An adaptive meta-reinforcement learning framework for dynamic flexible job shop scheduling

The optimization of flexible job shop scheduling is essential for improving manufacturing efficiency and performance in dynamic production environments. However, existing scheduling methods face challenges in scalability and adaptability, which limits their effectiveness in such environments. To address these limitations, this paper proposes a generalized and modular DFJSP framework that systematically decomposes shop-floor elements into key modules, enabling flexible and resilient scheduling under dynamic conditions. Building on this framework, an Adaptive Markov Decision Process (AMDP) is formulated to capture real-time shop-floor states and guide optimal action selection.

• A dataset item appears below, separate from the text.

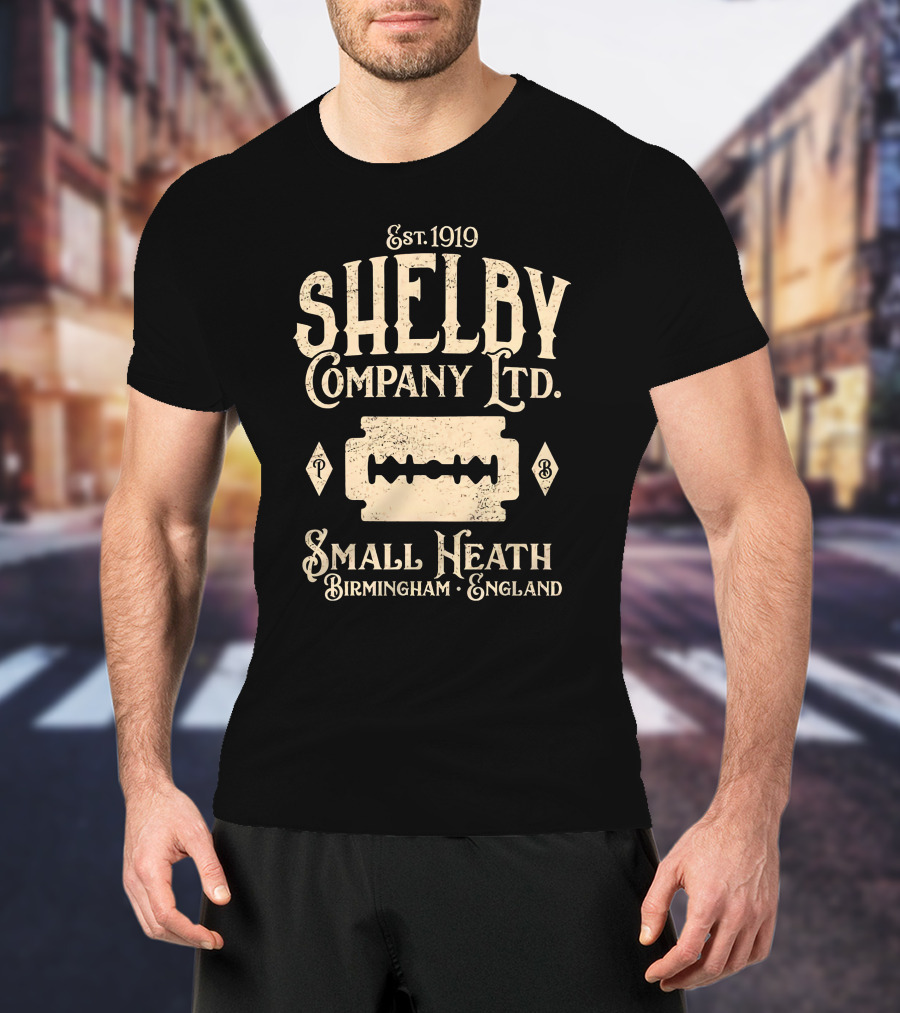 Est. 1919 Shelby Company Ltd Small Heath Birmingham England Razor Blade T-Shirt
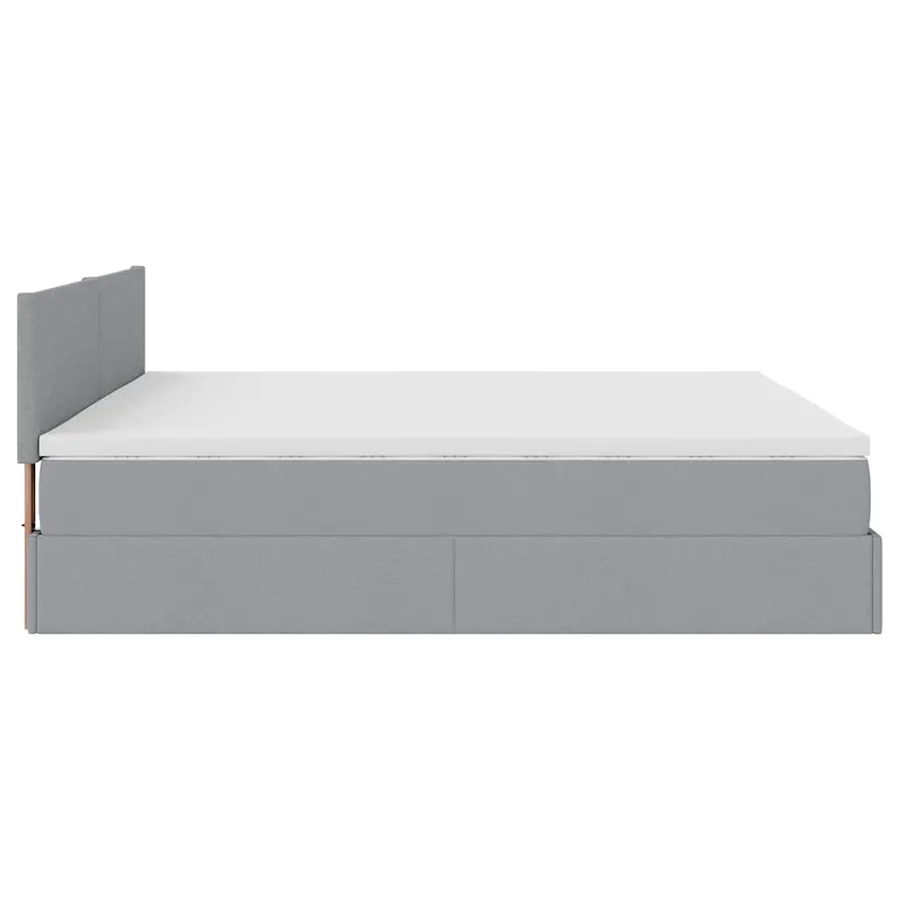 Lit ottoman avec matelas gris clair 160x200 cm tissu - 11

Leveraging Meta-Reinforcement Learning (MRL), the proposed approach integrates Model-Agnostic Meta-Learning (MAML) with Proximal Policy Optimization (PPO) to facilitate rapid adaptation to new scheduling tasks while enhancing policy generalization. Numerical experiments demonstrate that the framework effectively balances multiple dynamic objectives, including makespan and energy consumption, and adapts efficiently to real-time variations in job priorities, machine availability, and processing times. The results highlight the potential of combining modular problem formulation, AMDP modeling, and MRL for scalable, efficient, and robust DFJSP solutions in modern manufacturing environments.